▸ **RECORDS PROVIDED**

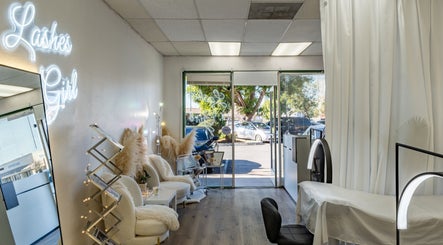 Modern interior of Lashes Girl in West Covina, California, US featuring elegant seating and a stylish treatment area.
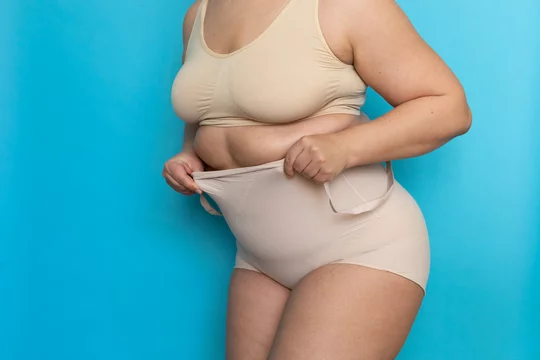 Plus size woman in beige underclothes pulling shapewear panties over belly  closeup. Tighten figure and wear lifting underwear for weight loss, blue  background. Concept of diet and fighting overweight. Stock Photo | Adobe  Stock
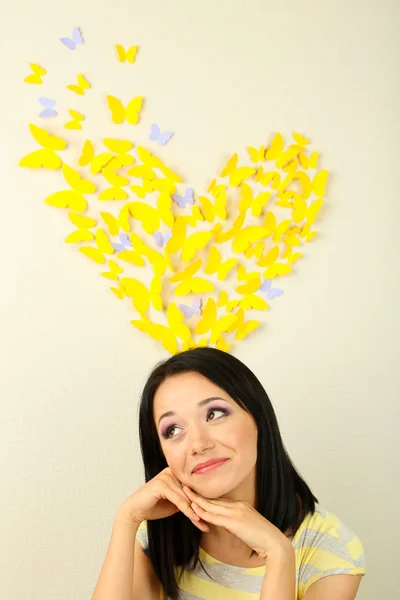 Girl near paper butterflies fly on wall — Stock Photo, Image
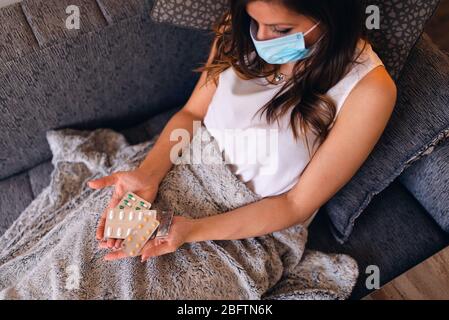 Eine schöne kaukasische kranke Frau mit einer Maske auf ihr Gesicht und Pillen in der Hand liegen auf dem Bett Stockfoto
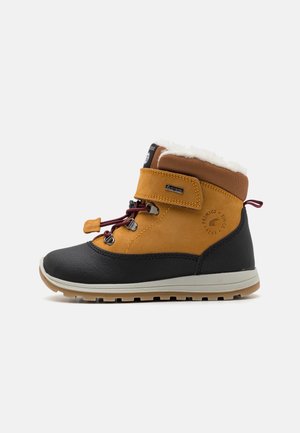 Botte d'hiver pour enfant avec semelle noire, dessus en cuir marron, fermeture lacets et velcro, et doublure en polaire blanche à l'intérieur.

▸ **WHAT THIS TASK INVOLVES**
The entries above are to be printed again word for word, with every picture removed.

▸ **ANSWER**
 Modern interior of Lashes Girl in West Covina, California, US featuring elegant seating and a stylish treatment area.
 Plus size woman in beige underclothes pulling shapewear panties over belly  closeup. Tighten figure and wear lifting underwear for weight loss, blue  background. Concept of diet and fighting overweight. Stock Photo | Adobe  Stock
 Girl near paper butterflies fly on wall — Stock Photo, Image
 Eine schöne kaukasische kranke Frau mit einer Maske auf ihr Gesicht und Pillen in der Hand liegen auf dem Bett Stockfoto
 Botte d'hiver pour enfant avec semelle noire, dessus en cuir marron, fermeture lacets et velcro, et doublure en polaire blanche à l'intérieur.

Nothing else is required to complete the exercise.